Chaophraya Dialogue’ hopes for revival of Pak-India talks

pakistan india talks

ISLAMABAD – Key civil society leaders and opinion makers from Pakistan and India yesterday welcomed the mature and constructive response of the governments of the two countries to the Pathankot attack expressing the hope this would lead to revival of the bilateral dialogue process.

The leaders including parliamentarians, former diplomats, former military officers and policy experts met in Bangkok for the 18th round of the Chaophraya Dialogue from March 18 to 20.

The Chaophraya Dialogue is the longest consistently running Pak-India Track-II jointly administered by the Jinnah Institute and Australia India Institute to encourage informed policy dialogue on Pak-India relations.
The process is now in its eighth year and has so far led to 18 rounds of dialogue.

Pakistani delegates at the 18th Dialogue, which discussed and reviewed the state of bilateral relations in the aftermath of the terrorist attack on Pathankot Airbase in Indian Punjab, were led by Jinnah Institute President Senator Sherry Rehman along with Australia India Institute Director Amitabh Mattoo.

In addition to prospects for bilateral relations, special focus was given to recent tensions in Jammu and Kashmir, the challenge of violent extremism on either side of the border, the ongoing conflict in Afghanistan, prospects for visa liberalisation and regional connectivity, as well as recommendations from two specially designated Task Forces on climate change adaptation and developing alternative histories and narratives that could positively impact public discourse.

Over the course of the two-day dialogue, participants welcomed the mature and constructive response of Pakistan and India to the Pathankot attack and hoped the recent interaction between Adviser to the Prime Minister on Foreign Affairs Sartaj Aziz and Indian External Affairs Minister Sushma Swaraj in Pokhara, Nepal would lead to a revival of the dialogue process.

They also noted the forthcoming Nuclear Security Summit in Washington this month would offer another window of opportunity for the two prime ministers to recommit themselves to a sustainable roadmap for Pak-India engagement in 2016.

On the issue of terrorism, the delegates welcomed the fact that the governments in Islamabad and New Delhi were increasingly constructive in their engagement aimed at finding joint solutions to the issue of terrorism in South Asia.

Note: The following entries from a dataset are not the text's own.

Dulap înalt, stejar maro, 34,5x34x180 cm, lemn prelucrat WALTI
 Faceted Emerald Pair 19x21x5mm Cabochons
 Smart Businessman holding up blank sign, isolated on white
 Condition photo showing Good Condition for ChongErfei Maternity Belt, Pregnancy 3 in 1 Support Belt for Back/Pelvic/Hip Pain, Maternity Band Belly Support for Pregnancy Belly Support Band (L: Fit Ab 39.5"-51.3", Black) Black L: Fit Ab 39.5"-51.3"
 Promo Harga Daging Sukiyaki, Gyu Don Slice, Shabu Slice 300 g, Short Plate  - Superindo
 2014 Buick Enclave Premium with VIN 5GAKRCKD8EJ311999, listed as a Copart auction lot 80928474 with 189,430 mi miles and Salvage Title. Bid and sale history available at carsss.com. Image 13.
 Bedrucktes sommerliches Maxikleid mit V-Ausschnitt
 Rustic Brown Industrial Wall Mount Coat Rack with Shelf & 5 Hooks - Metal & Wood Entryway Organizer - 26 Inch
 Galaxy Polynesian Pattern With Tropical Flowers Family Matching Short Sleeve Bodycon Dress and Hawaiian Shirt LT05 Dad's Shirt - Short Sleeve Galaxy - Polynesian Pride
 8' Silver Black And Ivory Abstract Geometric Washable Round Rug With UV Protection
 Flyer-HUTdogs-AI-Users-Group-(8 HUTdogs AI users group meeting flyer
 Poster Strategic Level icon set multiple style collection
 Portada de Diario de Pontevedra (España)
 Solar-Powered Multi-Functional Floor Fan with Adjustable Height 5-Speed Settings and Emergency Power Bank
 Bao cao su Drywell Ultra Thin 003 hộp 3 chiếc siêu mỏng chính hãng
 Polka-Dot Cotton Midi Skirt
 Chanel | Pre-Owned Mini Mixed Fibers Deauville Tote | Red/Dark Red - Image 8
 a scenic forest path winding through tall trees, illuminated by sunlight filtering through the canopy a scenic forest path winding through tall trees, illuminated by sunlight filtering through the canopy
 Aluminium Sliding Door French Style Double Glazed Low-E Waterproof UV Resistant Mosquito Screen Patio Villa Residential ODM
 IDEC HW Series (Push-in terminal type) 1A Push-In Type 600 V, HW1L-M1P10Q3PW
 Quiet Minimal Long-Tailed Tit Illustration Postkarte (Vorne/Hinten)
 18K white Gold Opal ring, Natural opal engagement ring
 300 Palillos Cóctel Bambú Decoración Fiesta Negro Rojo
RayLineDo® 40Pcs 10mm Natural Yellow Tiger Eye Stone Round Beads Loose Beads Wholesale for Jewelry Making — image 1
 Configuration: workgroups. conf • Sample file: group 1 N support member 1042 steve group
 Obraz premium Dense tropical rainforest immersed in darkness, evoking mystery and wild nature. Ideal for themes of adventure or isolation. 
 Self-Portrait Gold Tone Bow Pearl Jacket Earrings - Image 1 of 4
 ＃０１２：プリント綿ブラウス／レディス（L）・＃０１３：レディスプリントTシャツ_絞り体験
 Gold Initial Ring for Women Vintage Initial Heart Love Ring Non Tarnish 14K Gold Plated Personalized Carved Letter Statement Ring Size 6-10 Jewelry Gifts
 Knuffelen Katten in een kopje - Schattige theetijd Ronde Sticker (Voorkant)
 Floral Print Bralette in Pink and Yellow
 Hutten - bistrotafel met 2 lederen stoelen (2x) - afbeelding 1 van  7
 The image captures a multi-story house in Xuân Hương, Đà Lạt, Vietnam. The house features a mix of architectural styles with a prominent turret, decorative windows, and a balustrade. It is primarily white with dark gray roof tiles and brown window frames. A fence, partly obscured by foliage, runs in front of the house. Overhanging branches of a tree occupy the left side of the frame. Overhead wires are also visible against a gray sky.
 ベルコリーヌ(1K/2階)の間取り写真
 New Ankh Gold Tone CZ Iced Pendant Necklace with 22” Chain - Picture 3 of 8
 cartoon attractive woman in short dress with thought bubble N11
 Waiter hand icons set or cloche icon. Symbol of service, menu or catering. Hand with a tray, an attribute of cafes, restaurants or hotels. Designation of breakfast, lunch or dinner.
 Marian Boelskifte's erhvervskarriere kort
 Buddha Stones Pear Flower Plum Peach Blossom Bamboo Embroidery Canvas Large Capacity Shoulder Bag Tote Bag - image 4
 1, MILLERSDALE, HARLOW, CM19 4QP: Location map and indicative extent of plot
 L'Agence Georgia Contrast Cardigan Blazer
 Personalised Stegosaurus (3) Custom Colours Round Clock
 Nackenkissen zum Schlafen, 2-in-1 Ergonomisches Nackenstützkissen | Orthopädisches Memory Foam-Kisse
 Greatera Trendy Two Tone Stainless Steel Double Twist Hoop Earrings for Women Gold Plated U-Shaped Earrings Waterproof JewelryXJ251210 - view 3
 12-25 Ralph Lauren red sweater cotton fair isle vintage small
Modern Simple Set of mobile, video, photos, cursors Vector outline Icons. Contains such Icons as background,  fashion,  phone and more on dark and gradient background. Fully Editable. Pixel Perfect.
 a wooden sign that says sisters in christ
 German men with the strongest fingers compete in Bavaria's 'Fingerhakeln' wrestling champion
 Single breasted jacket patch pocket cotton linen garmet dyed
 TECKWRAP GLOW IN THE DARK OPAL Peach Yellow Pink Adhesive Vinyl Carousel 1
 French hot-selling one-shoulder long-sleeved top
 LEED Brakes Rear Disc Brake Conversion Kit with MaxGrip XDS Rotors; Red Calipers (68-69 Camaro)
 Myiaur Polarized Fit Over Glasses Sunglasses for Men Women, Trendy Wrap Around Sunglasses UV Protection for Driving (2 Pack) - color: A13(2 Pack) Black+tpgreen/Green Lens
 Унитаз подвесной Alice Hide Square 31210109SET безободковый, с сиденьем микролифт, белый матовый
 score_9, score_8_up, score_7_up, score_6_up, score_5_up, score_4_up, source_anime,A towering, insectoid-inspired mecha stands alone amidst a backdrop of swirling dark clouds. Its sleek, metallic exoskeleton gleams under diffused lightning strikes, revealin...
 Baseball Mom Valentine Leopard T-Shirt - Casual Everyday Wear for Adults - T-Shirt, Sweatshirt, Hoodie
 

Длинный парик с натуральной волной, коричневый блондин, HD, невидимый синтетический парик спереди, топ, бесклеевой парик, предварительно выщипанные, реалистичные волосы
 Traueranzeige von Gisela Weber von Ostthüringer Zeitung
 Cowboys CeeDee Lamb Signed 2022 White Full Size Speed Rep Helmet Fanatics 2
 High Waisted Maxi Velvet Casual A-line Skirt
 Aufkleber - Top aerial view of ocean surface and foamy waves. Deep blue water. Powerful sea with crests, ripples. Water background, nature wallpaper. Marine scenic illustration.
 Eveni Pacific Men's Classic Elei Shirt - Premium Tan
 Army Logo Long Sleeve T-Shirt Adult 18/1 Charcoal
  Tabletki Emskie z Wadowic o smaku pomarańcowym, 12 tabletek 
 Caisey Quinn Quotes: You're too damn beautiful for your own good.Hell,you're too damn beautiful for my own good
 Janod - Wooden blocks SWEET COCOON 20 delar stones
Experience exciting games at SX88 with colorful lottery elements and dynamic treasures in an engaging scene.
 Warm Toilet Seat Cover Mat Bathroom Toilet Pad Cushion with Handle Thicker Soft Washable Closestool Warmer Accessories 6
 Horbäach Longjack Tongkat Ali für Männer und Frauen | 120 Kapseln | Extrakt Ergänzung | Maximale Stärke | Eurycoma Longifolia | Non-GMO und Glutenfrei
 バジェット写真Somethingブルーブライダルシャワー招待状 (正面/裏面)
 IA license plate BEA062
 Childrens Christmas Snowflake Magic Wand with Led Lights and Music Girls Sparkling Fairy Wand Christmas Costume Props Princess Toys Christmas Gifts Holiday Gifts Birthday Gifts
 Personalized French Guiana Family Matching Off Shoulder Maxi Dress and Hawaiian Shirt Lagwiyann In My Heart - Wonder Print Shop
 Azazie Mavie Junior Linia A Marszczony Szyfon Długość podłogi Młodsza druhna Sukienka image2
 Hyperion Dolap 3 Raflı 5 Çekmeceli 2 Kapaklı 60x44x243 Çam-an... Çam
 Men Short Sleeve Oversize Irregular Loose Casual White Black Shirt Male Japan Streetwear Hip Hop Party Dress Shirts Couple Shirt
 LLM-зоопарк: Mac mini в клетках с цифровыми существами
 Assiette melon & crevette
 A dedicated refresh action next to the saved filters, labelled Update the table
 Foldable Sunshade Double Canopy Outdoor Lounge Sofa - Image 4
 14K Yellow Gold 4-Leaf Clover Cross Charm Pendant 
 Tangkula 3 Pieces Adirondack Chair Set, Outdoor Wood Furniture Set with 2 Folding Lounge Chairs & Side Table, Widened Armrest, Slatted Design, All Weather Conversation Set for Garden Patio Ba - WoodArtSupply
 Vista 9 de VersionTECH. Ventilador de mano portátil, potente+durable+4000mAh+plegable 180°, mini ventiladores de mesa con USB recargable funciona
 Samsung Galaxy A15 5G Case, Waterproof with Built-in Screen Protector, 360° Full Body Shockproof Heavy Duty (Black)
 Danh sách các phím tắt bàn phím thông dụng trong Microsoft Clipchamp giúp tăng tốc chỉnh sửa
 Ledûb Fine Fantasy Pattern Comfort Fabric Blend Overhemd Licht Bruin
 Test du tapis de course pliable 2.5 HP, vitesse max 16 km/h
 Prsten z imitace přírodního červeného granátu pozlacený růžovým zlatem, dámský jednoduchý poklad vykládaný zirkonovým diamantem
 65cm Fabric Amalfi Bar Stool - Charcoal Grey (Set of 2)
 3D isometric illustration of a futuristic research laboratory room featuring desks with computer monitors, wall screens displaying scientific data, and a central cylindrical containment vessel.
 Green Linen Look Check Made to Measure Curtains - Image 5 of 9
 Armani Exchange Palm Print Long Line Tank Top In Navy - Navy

In a special session held on regional connectivity, participants urged the governments of both countries to implement previously negotiated roadmaps on visa liberalisation and tourism, and to develop a database of pre cleared, pre verified citizens for ease of visa issuance and travel across borders.

In their deliberations, participants noted that flight options between Pakistan and India were often indirect and costly, and that travel between the two countries could take up to 14 hours, despite 60,000 citizens travelling annually each year.

Two specially designated Task Forces on Climate Change and Histories and Alternative Narratives also presented their findings during the conference.
On climate change, panelists urged both governments to include climate change in their bilateral agenda, particularly on the issues of surface and groundwater; agriculture and food security; glacial melt and the protection and preservation of natural habitats.

The Task Force on Histories and Alternative Narratives, meanwhile, called for curricula reform and student exchanges, that could in turn foster a better understanding of national identities and citizenries in both countries.

On Afghanistan, the delegates lauded the efforts of the Afghan government to combat extremist militancy, but concurrently expressed grave concern at the strength and stability of the National Unity Government in Kabul, which continued to face off a violent insurgency and an uncertain future.

The participants welcomed the signing of the Turkmenistan-Afghanistan-Pakistan-India and CASA-1000 projects, and suggested that Pakistan and India consider the possibility of discussions on Afghanistan as part of their bilateral discussions.

The Pakistani delegation led by Senator Sherry Rehman included Ambassador Aziz Ahmad Khan, former Foreign Secretaries Ambassador Najmuddin Shaikh and Ambassador Riaz Mohammed Khan, Ambassador Shafqat Kakakhel, Shafqat Mehmood, Naveed Qamar, Lt-Gen (r) Talat Masood, Air Vice Martial (r) Shahzad Chaudhry, Professor Salima Hashmi, Mosharraf Zaidi, Zahid Hussain, Ali Dayan Hasan, Sehar Tariq, Rafay Alam, Yaqoob Bangash, Fahd Humayun, Sauleha Kamal and Mehmoona Bashar.

Indian participants were led by Professor Amitabh Mattoo, and included Baijayant ‘Jay’ Panda, Amb.
G Parthasarthy, Ambassador Vivek Katju, Ashok Malik, Siddharth Varadarajan, Lt-Gen (r) Ata Hasnain, Prof C Rajamohan, Aarti Tikoo, Dr Happymon Jacob, Dr Gulshan Sachdeva, Prof Shakil Romshoo, Dr Mohan Guruswamy, Prof Meenakshi Gopinath, Shoma Chaudhury and Dr Mallika Joseph.